Kent Monkman

The Rise and Fall of Civilization


Organized by Glenbow

Kent Monkman’s The Rise and Fall of Civilization references the near extinction of the American bison in the 1800s when unsustainable hunting practices, used primarily by white settlers, reduced the number of bison from over 30 million to just a few hundred by the 1880s.

Informed by an early fascination with museum dioramas at the Manitoba Museum, Kent Monkman has re-created a buffalo jump, illustrating a traditional buffalo hunting method used by Indigenous people. Here, the artist’s gender bending alter ego, the iconic Miss Chief Eagle Testickle, is driving the buffalo to the edge of the cliff, as her ancestors would have for thousands of years, to ultimately harvest and use every part of the animal.

By the end of the 1870s, the buffalo population of the North American plains had been wiped out. Bison or buffalo were hunted by settlers for sport, for political gain, and for profit – both the durable hides and the bones were desirable; Buffalo bones were used for fertilizer and in the manufacture of bone china. But the buffalo meat was left to rot, decimating a food source that had sustained Indigenous peoples for generations.

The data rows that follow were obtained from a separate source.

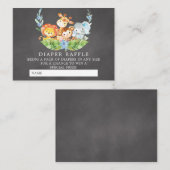 Sweet Safari Baby Showdusche Windeln Raffle Ticket Begleitkarte (Vorne/Hinten)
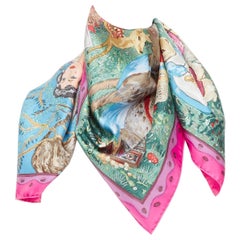 rare HERMES Fairytales Philippe Dauchez Carre 90cm pink twill print scarf
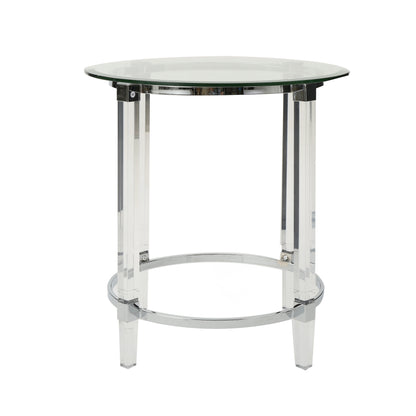 Orson See Through Clear Acrylic & Glass Round End Table
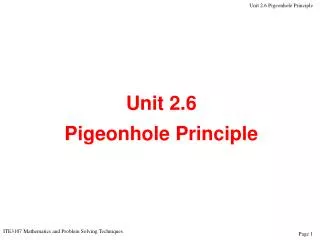 Unit 2.6 Pigeonhole Principle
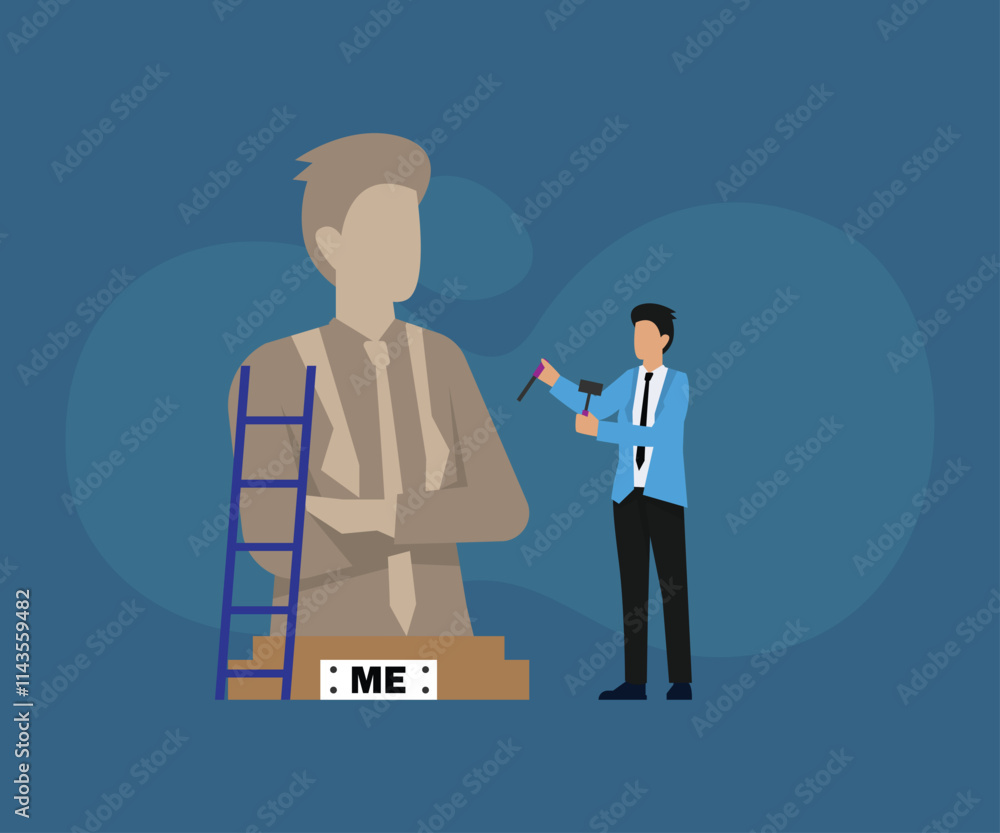Personal Development Concept: Sculpting Your Best Self 2d flat vector illustrations Personal Development Concept: Sculpting Your Best Self 2d flat vector illustrations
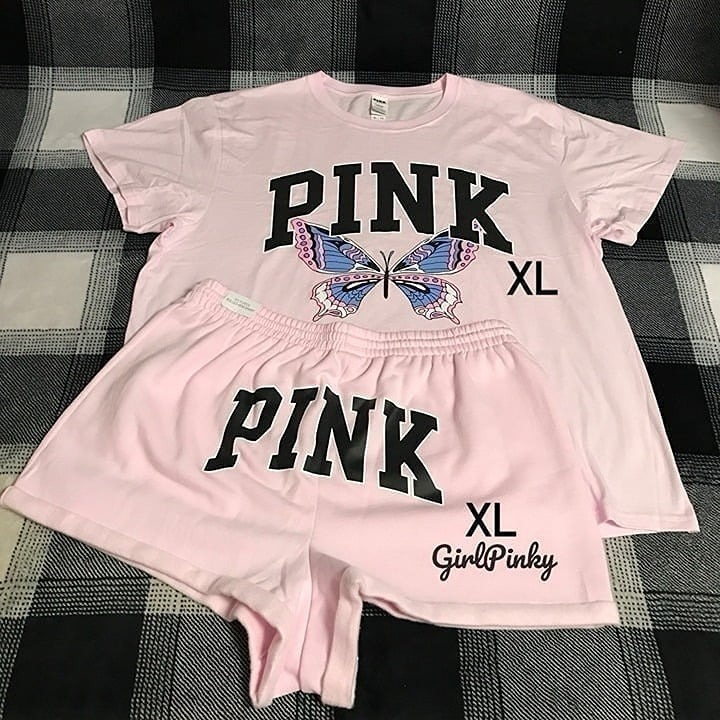 VS PINK shorts OUTFIT & CAMPUS TEE LIMITED EDITION PINK TULLIP BUTTERFLY SIZE XL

In Monkman’s installation, the smashed ceramics at the base of the cliff reference the build-up of bones often found at buffalo jumps, as well as the history of Indigenous ceramics found at sites across North America. The plunging buffalo morph from a taxidermy form into an abstracted form reminiscent of Pablo Picasso’s reoccurring bull figure, a reference to the dominance of Eurocentrism and modern art’s widespread aesthetic appropriation of Indigenous visual culture. The buffalo then morph into ancient rock drawings, functioning as a metaphor for the inevitable flow of history.

Kent Monkman
The Rise and Fall of Civilization, 2015
mixed media installation
Collection of Glenbow; Gift of the Artist, 2016
Commissioned by the Gardiner Museum, Toronto, 2015

About Kent Monkman

Kent Monkman (b. 1965) is an interdisciplinary Cree visual artist. A member of Fisher River Cree Nation in Treaty 5 Territory (Manitoba), he lives and works in Dish With One Spoon Territory (Toronto, Canada).

Known for his provocative interventions into Western European and American art history, Monkman explores themes of colonization, sexuality, loss, and resilience—the complexities of historic and contemporary Indigenous experiences—across painting, film/video, performance, and installation. Monkman’s gender-fluid alter ego Miss Chief Eagle Testickle often appears in his work as a time-traveling, shape-shifting, supernatural being who reverses the colonial gaze to challenge received notions of history and Indigenous peoples.